Data excerpt:
# # #

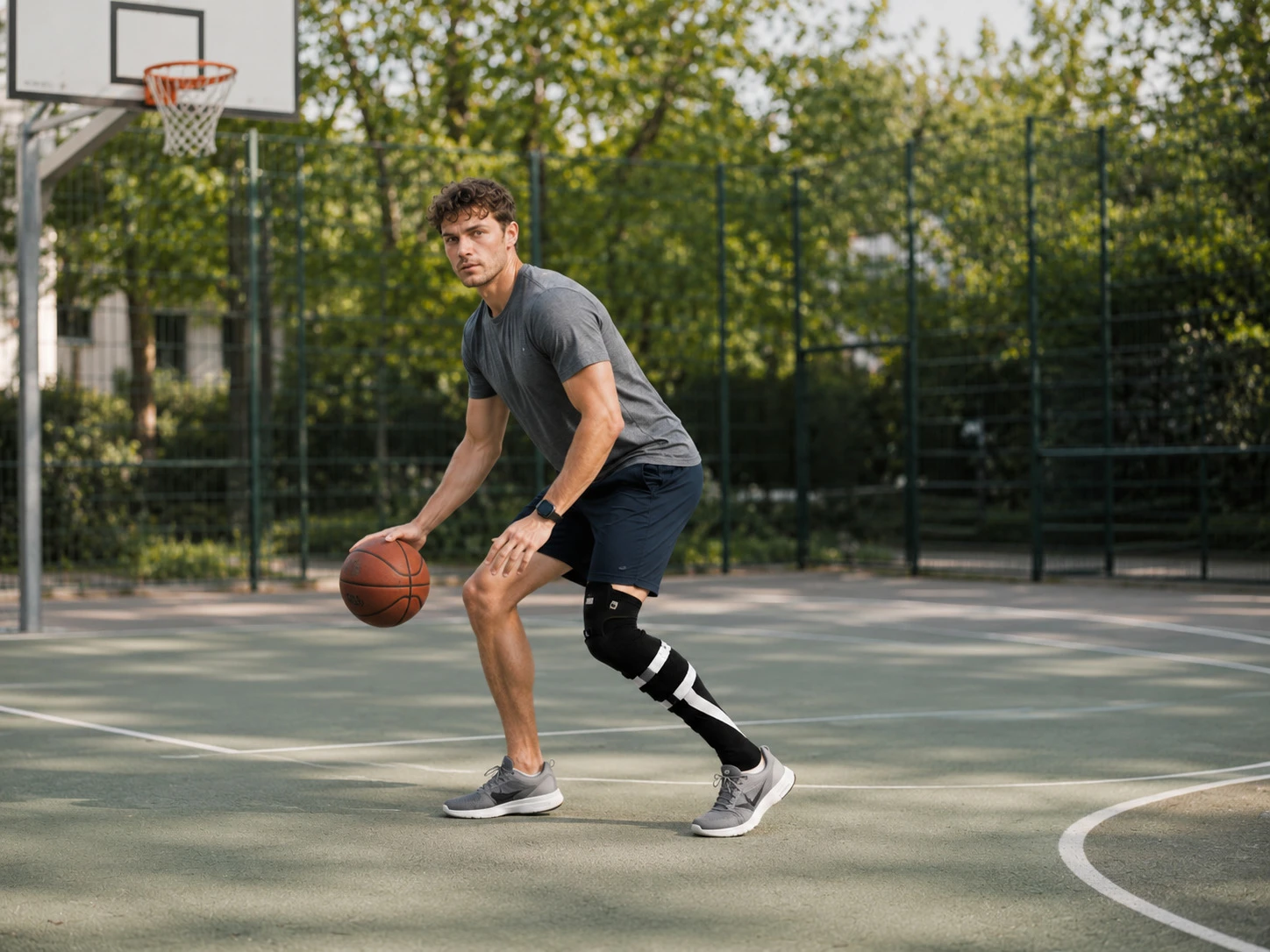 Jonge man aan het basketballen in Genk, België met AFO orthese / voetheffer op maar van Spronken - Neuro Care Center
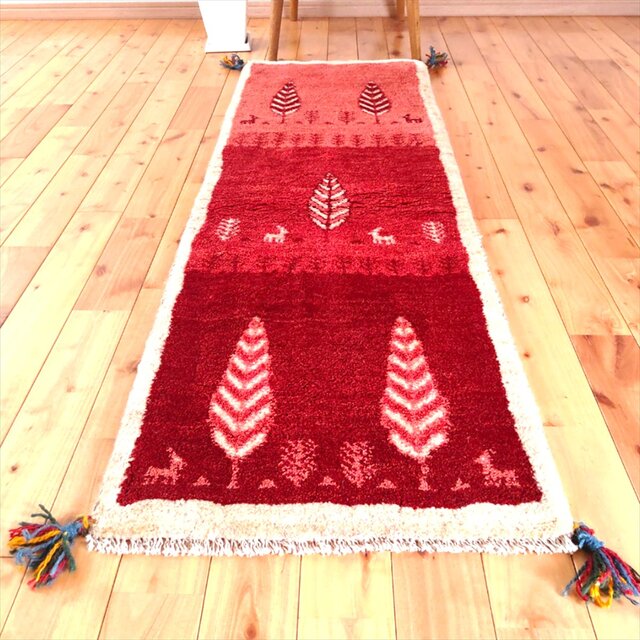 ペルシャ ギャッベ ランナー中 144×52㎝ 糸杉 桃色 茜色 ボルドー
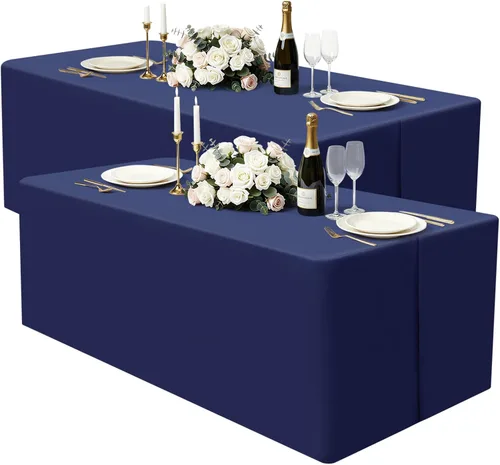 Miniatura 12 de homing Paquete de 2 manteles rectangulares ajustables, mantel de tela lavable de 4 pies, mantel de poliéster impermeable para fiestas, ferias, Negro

# # #

Work item: Pictures are to be excluded; all other material must be transcribed exactly.

Reply:
 Jonge man aan het basketballen in Genk, België met AFO orthese / voetheffer op maar van Spronken - Neuro Care Center
 ペルシャ ギャッベ ランナー中 144×52㎝ 糸杉 桃色 茜色 ボルドー
 Miniatura 12 de homing Paquete de 2 manteles rectangulares ajustables, mantel de tela lavable de 4 pies, mantel de poliéster impermeable para fiestas, ferias, Negro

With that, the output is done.